Wakefield pitches gem against Philly

PHILADELPHIA -- Red Sox manager Terry Francona isn't joking when he says it all starts with pitching.

That could end up being the understatement of the season if the starting rotation for the Red Sox continues to do what it has done the last two games. After Daisuke Matsuzaka nearly tossed a no-hitter against the Phillies in a 5-0 victory on Saturday, teammate Tim Wakefield worked eight shutout innings en route to an 8-3 win on Sunday at Citizens Bank Park.

"That thing was dancing all over the place," said Red Sox second baseman Dustin Pedroia. "He was great today. We've gotten some good pitching performances the last few days and that definitely helps and now we need to do it against Tampa and try to shut them down."

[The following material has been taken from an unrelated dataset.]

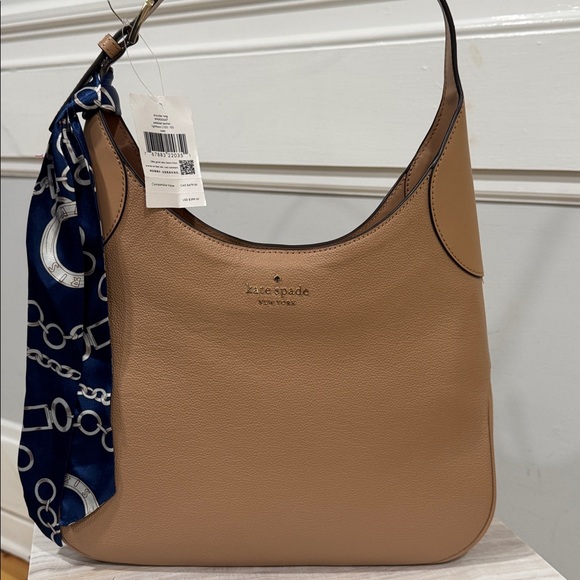 Kate Spade Bag Aster Tan Leather Shoulder Bag - Picture 4 of 17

With Josh Beckett on the 15-day disabled list with a back strain, Wakefield made his sixth start this season and earned his first victory since July 8, 2009, against Oakland. The 44-year-old becomes the oldest American League pitcher to work eight shutout innings since Charlie Hough accomplished the feat on July 20, 1992.

The victory was the 190th of his career and 176th with the Red Sox, leaving him 16 shy of the franchise record, which is shared by Cy Young and Roger Clemens.

Wakefield's performance against the Phillies was just another indication the Red Sox are getting on a roll. Other than John Lackey's hiccup here on Friday, Boston's rotation had a solid week with Clay Buchholz, Jon Lester, Matsuzaka and Wakefield all earning wins.

"Somebody asked me the other day if I thought [good pitching] was contagious. If it is I hope we get an epidemic," said Francona. "It's a good way to play the game. It relaxes everybody and you don't have to score a bunch of runs earlier or play catch-up. It allows your offense to take a deep breath."

It's been a trying season for Wakefield.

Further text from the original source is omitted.